To start the DNS configuration program, make sure you have the NAMED service running and that system-conf-g-bind is installed. If they are not installed, as root run
yum install system-config-bind bind
chkconfig --levels 235 named on
To start the BIND configuration program, locate and click on the icon for Domain Name System or as root run
system-config-bind
You may see a message "No BIND configuration was found. Installing the initial default configuration." Click OK

CREATE FORWARD ZONE
Ensure the entry for DNS Server is selected and click New icon and choose Zone from the pop up list.

The New Zone window appears.

1. Inside of the Origin option group:
-For class IN Internet and click OK
-For Origin Type choose Forward and click OK
-Enter the name of your domain (example.com.). Remember the trailing period. If you don't a window will appear letting you know that the period has been appended for you.

2. Inside of Zone Type
-Choose Master and click OK
3. Zone Authority Information for the zone that was just created is now displayed
-Check to make the Authoritative Name Server and the Responsible Person E-Mail Address information is correct.
-The default settings for the other items are fine. Click OK.

CREATE REVERSE ZONE
Ensure the entry for DNS Server is selected and click New icon and choose Zone from the pop up list.

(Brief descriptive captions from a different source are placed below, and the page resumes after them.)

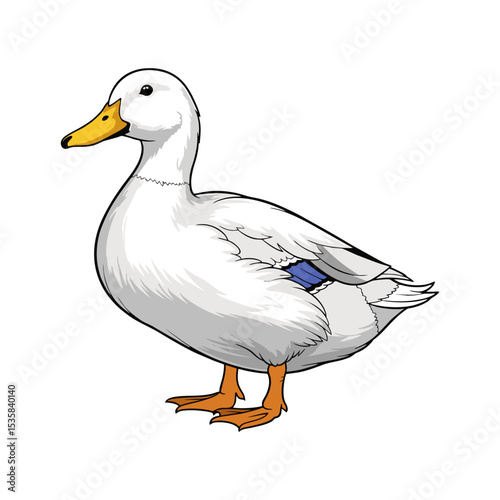 vector illustration of a male duck on a white background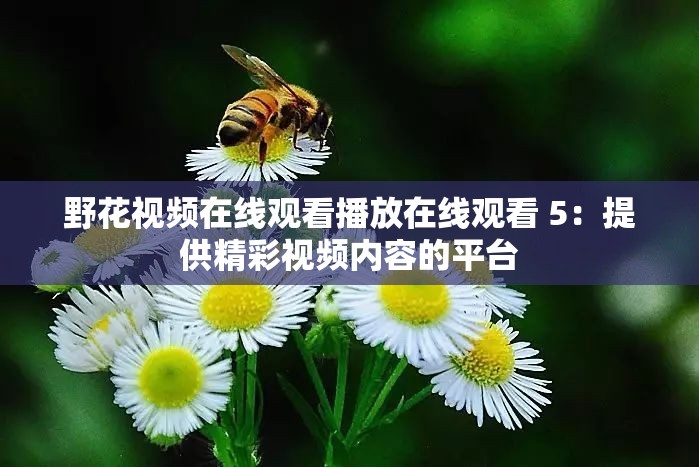 野花视频在线观看播放在线观看 5：提供精彩视频内容的平台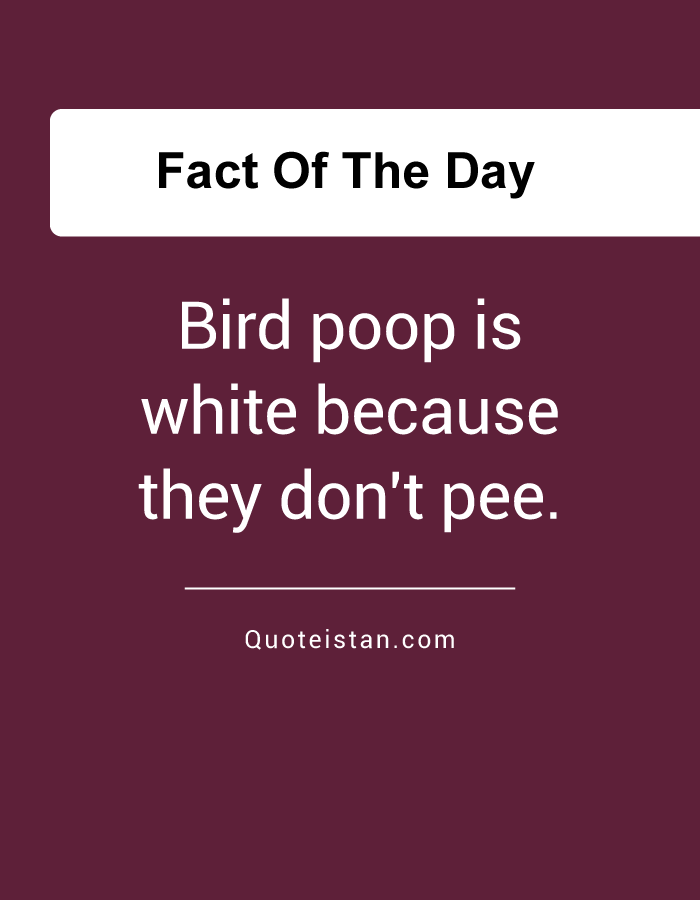 Bird poop is white because they don't pee.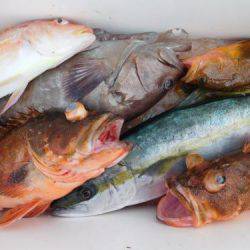 第二一之紀丸（ダイニイチノキマル） 釣果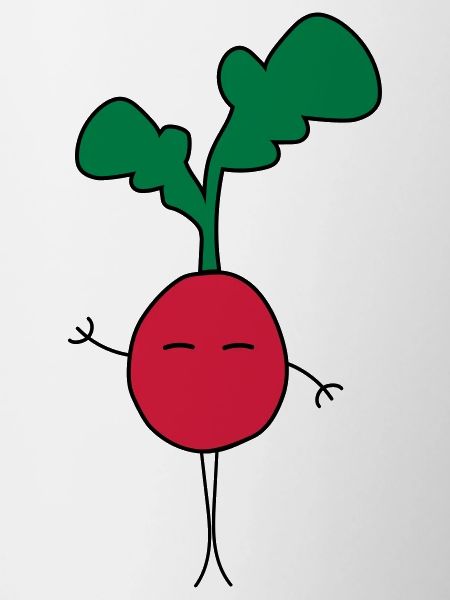 Radish doodle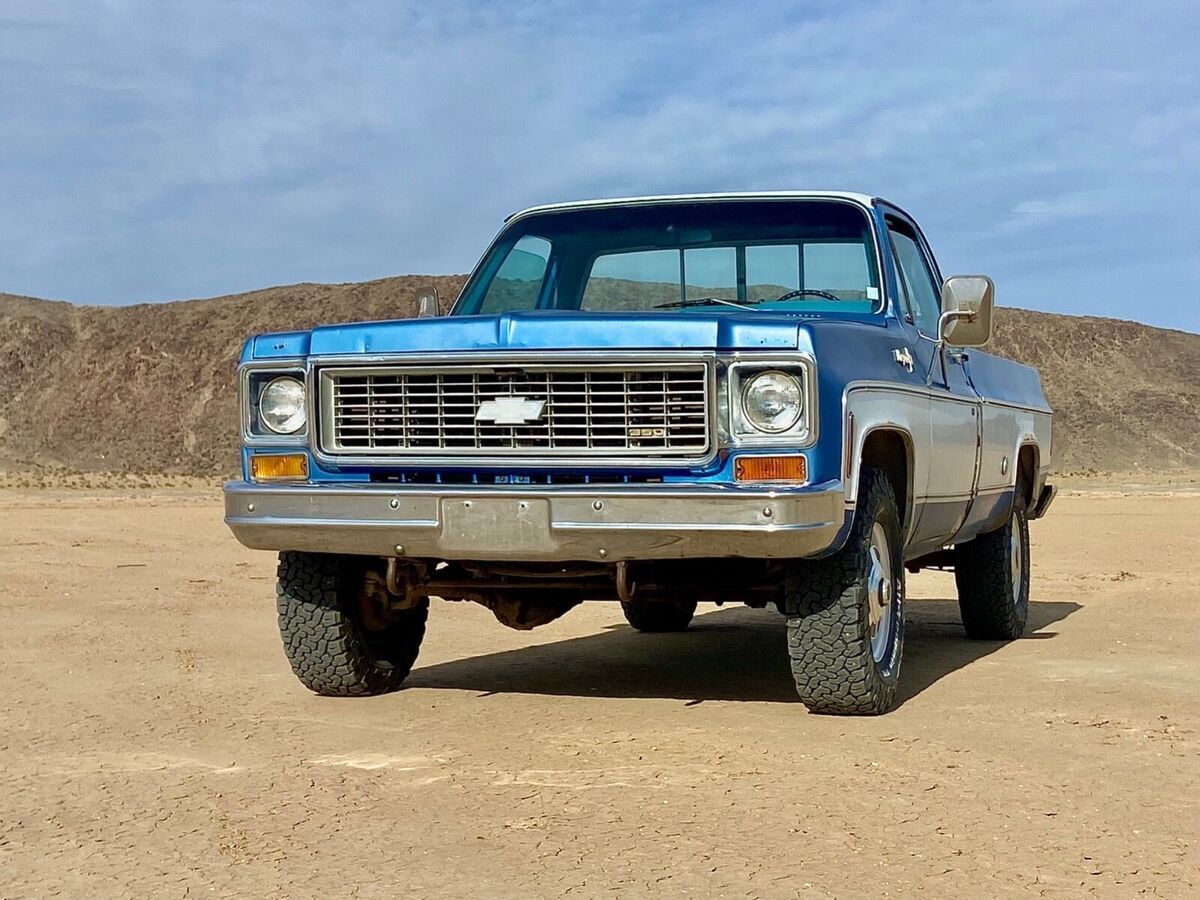 1973 Chevrolet Other Pickups - photo 6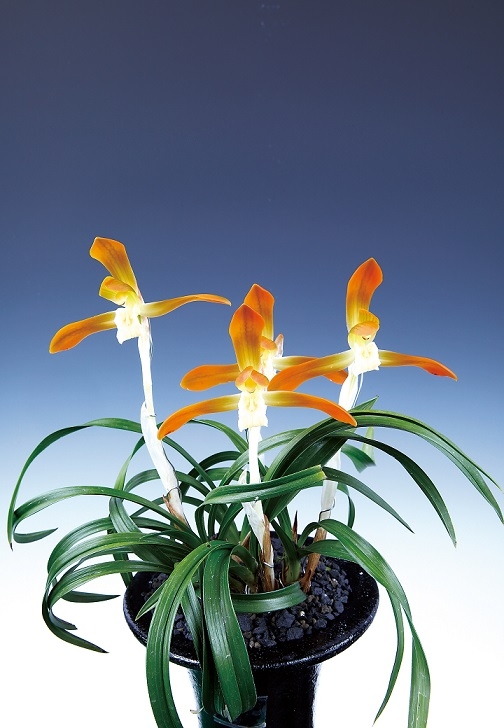 명품 춘란의 자생지 암태도에서 열네번째 춘란전시 개최..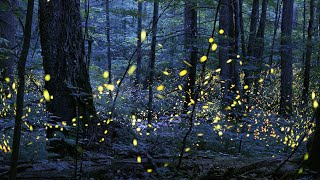 Tennessee Synchronous Fireflies  Great Smoky Mountains [upl. by Cathrine926]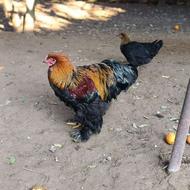 فروش خروس نژاد برهما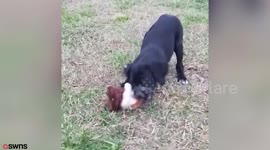 Abandoned pup who was discovered with his mouth sealed shut finds forever home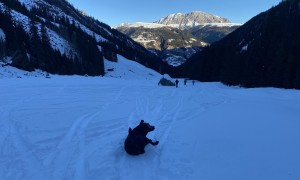 Skitour Hochspitz - Zustieg Winklertal, Rückblick Eggenkofel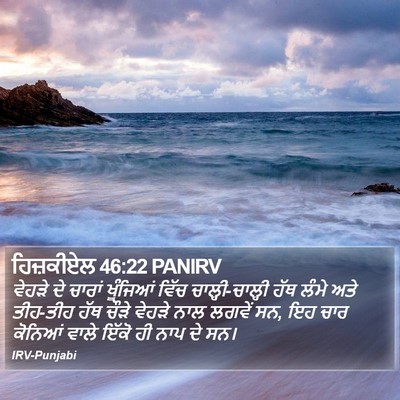 ਹਿਜ਼ਕੀਏਲ 46:22 PANIRV Bible Verse Image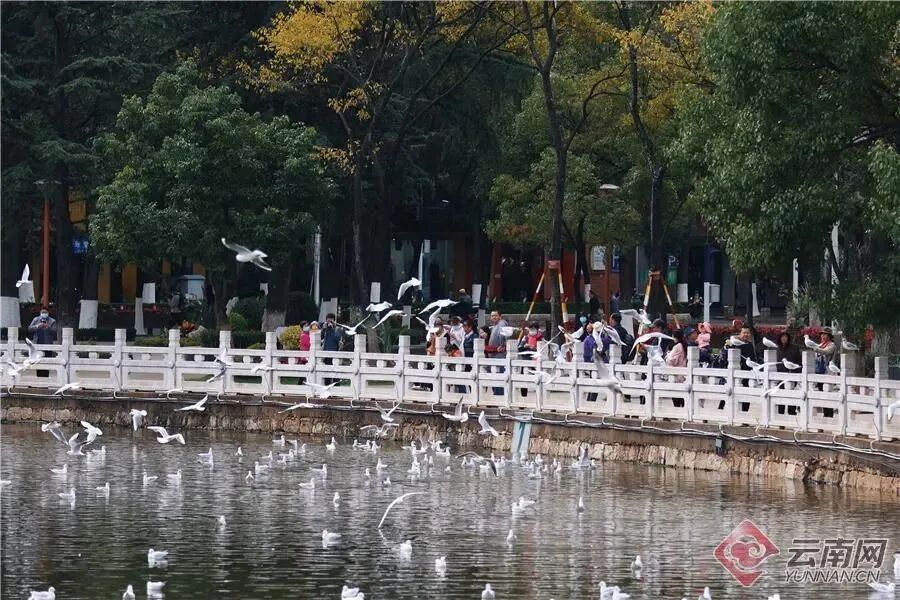 街头巷尾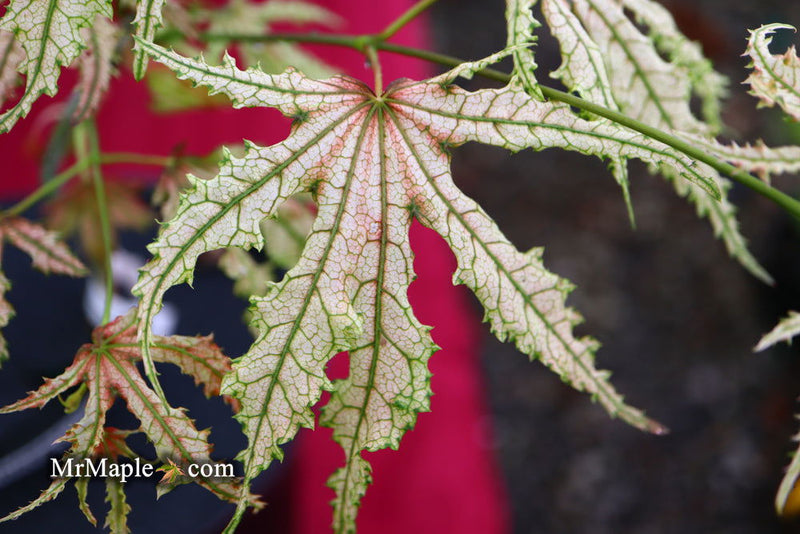 - Acer palmatum 'Strawberry Delight’ Japanese Maple - Mr Maple │ Buy Japanese Maple Trees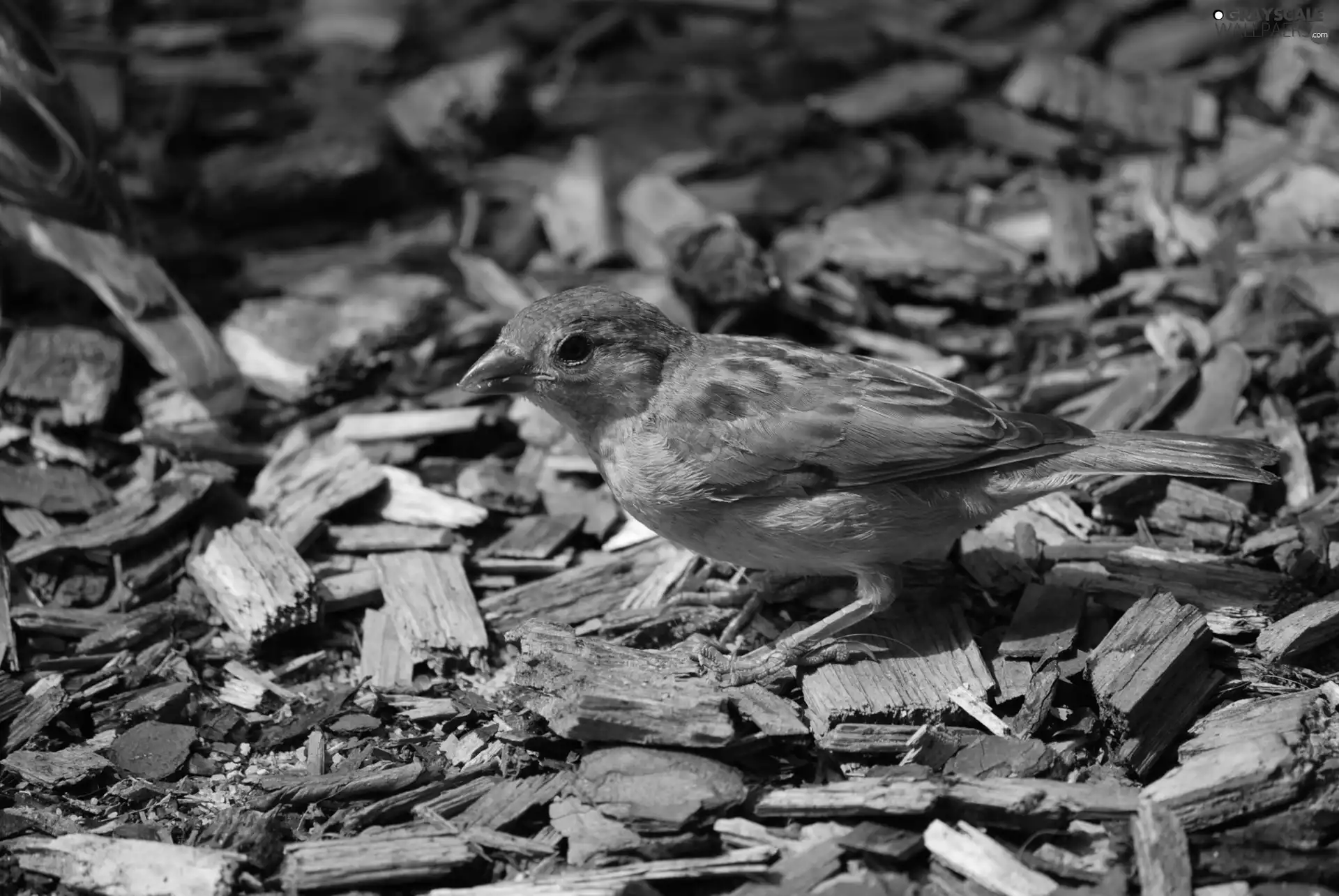 sparrow, food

The New Zone windows appears.

1. Inside of the Origin option group select:
-For Class IN Internet and click OK
-For Origin Type choose IPV4 Reverse
-Enter the first octet of your network range (i.e. the 192 in 192.168.0.x) and click Add
-Repeat the above steps for the second and third octets
2. Inside of Zone Type
-Choose Master and click OK
3. Zone Authority Information for the zone that was just created is now displayed
-Check to make the Authoritative Name Server and the Responsible Person E-Mail Address information is correct.
-The default settings for the other items are fine. Click OK.

CREATE RECORDS
Click on the arrow to expand the forward look up zone (example.com). The information contained inside of your zone is displayed below the zone name.

HOST RECORDS
The section covers how to create the most common type of record - the host record.
-Click on the New icon and choose "A IPV4"
-Enter the hostname of the systems that you are creating the record for in the Domain Name box. You do not need to include the fully qualified domain name as the domain name will be automatically appended to the hostname.
:) note: I always create record for the domain name itself and point it toward my web server. This allows users to view my website by just typing in the domain name. No "www" is needed. To do this, do not enter a hostname as described above just enter the domain name followed by a period.
-From the "Select IPv4 Prefix", select the IPv4 reverse zone that the host is going to belong to. For example, a host with IP address 192.168.0.10 would belong to the 192.168.0 prefix group. Enter the final octet in the fourth box under IPv4 Address.
-It is recommended that you generate a reverse mapping for this record. To do that, ensure that the "Create Reverse Mapping Record" box is checked.
-Click OK. Do the above steps for each host on your network that your other systems on your network will need to communicate with. Examples would be print severs, SMTP, IMAP, POP, web servers and file servers.
MX RECORDS
MX or Mail Exchange records are needed for most mail systems to function properly. The following steps will guide you through the process of setting up this record.
-Ensure the SMTP servers forward record has been entered into the DNS as described in the section HOST RECORDS
-Click on the New icon and choose "MX Mail Exchange"
-The MXMail Exchange will appear. Ensure that the domain that the mail server will be a part of is in the Domain Name box.
-Choose a priority for the mail server. This is important if you have more than one SMTP server on your network. Other mail servers will attempt to deliver mail to the mail server with the lowest priority first. If that fails, it will attempt the mail server with the next higher priority and so on.
-Enter the hostname of the SMTP server for the domain in the Mail Server Name box. You do not need to include the fully qualified domain name as the domain name will be automatically appended to the hostname.
CNAME RECORDS
CName or Canonical Names are aliases for other systems on your network. For example, you may want mail.example.com to resolve to smtp01.example.com on your network. The below steps will help you create a canonical name.
-Click on the New icon and choose "CNAME Alias"
-Enter the alias name in the Domain Name box (i.e. mail). You do not need to include the fully qualified domain name as the domain name will be automatically appended to the hostname.
-In the Canonical Name box, enter the hostname of the system you want alias to point to (i.e. smtp01)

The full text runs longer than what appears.